I'm not sure Marx and Engels would appreciate this - though I believe they had a sense of humor. I'll leave the research and conclusions to the interested reader.
Hallelujah
However, while all this is true, it is not the whole truth – two things should be added, at least. Protests have an authentic core, ordinary people do suffer, they are just misdirected against a wrong target. Plus Islam also harbors fundamentalists whose stance is incompatible with the Western liberal way of life (why leave the use of this term to the Right?), so the misdirection is in some sense well grounded – why would otherwise so many African and Middle Eastern countries complain that the West is destroying their way of life, imposing on them liberal individualist values?
Hallelujah! The nuance in this passage is truly impressive - a rare depth of understanding? It makes me wonder, though: in a region where democracy is an exception rather than the rule, isn’t it inevitable that Israel would feel threatened by neighbors who openly seek its destruction?
A non-happy ending
The sad conclusion is thus that Israel and Hamas/Iran, UK anti-immigrant racists and Muslim fanatics, they all play the same game: the game of total war which can only end in their mutual destruction, and which is a false conflict obfuscating the true cause of troubles, the dynamic of global capitalism. In other words, I am not advocating a soft gradualist politics – quite on the contrary, the only way to lay the foundation for a radical change to come is to avoid false conflicts like a vampire is avoiding garlic.
Yeah, a non-happy ending without surprises, hey? Of course, no one can escape themselves! Žižek frames all issues within the context of globalization and global capitalism, consistent with his Marxist ideological stance. He even draws an equivalence between disparate groups such as Israel, Hamas, UK anti-immigrant racists, and Muslim fanatics, arguing that they are all engaged in a destructive “game of total war” that obscures the true underlying cause: the dynamics of global capitalism.
However, lumping Israel together with Hamas, UK anti-immigrant racists, and Muslim fanatics to make his point conveniently overlooks the profound differences in their ideologies, goals, and the contexts in which they operate - yet it supports his narrative!

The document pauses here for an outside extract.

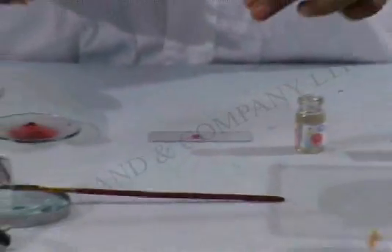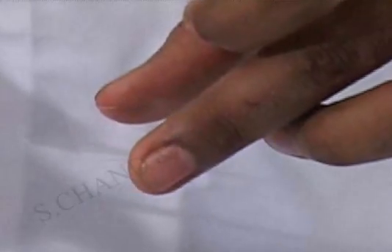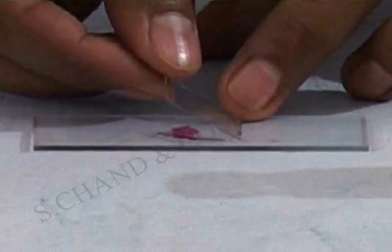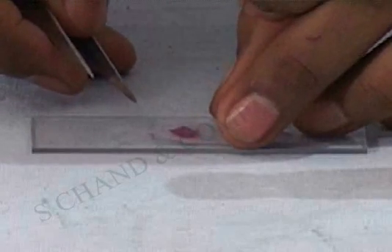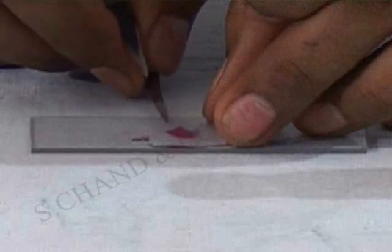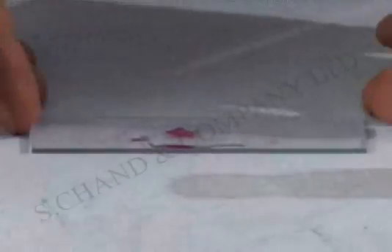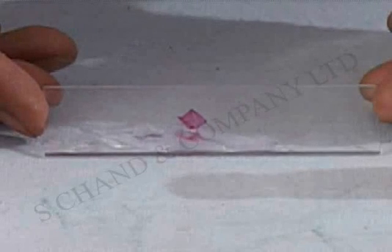Now, this is a covering slip with which we are going to cover the slide. While putting a cover slip, always make sure that there are no air bubbles trapped. As you can now see, the slide is ready for observation under microscope.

Žižek’s analysis is deeply flawed in one crucial respect: it fails to acknowledge the universal and persistent nature of antisemitism. By reducing the complex geopolitical and ideological tensions in the Middle East and beyond to merely symptoms of capitalist dynamics, Žižek overlooks the deep-seated and historical roots of antisemitism, which have long fueled animosity toward Israel and the Jewish people. Antisemitism was globalized even before globalization existed!
It is more than evident that antisemitism is not merely a byproduct of capitalist structures; it is an enduring ideology that has manifested across various economic systems and cultural contexts throughout history. To fully understand the conflict involving Israel, one must recognize that antisemitism is a significant and independent factor that far transcends the economic critique Žižek offers. This misdirection of focus begs the question: why is antisemitism so deeply anchored in our psychology?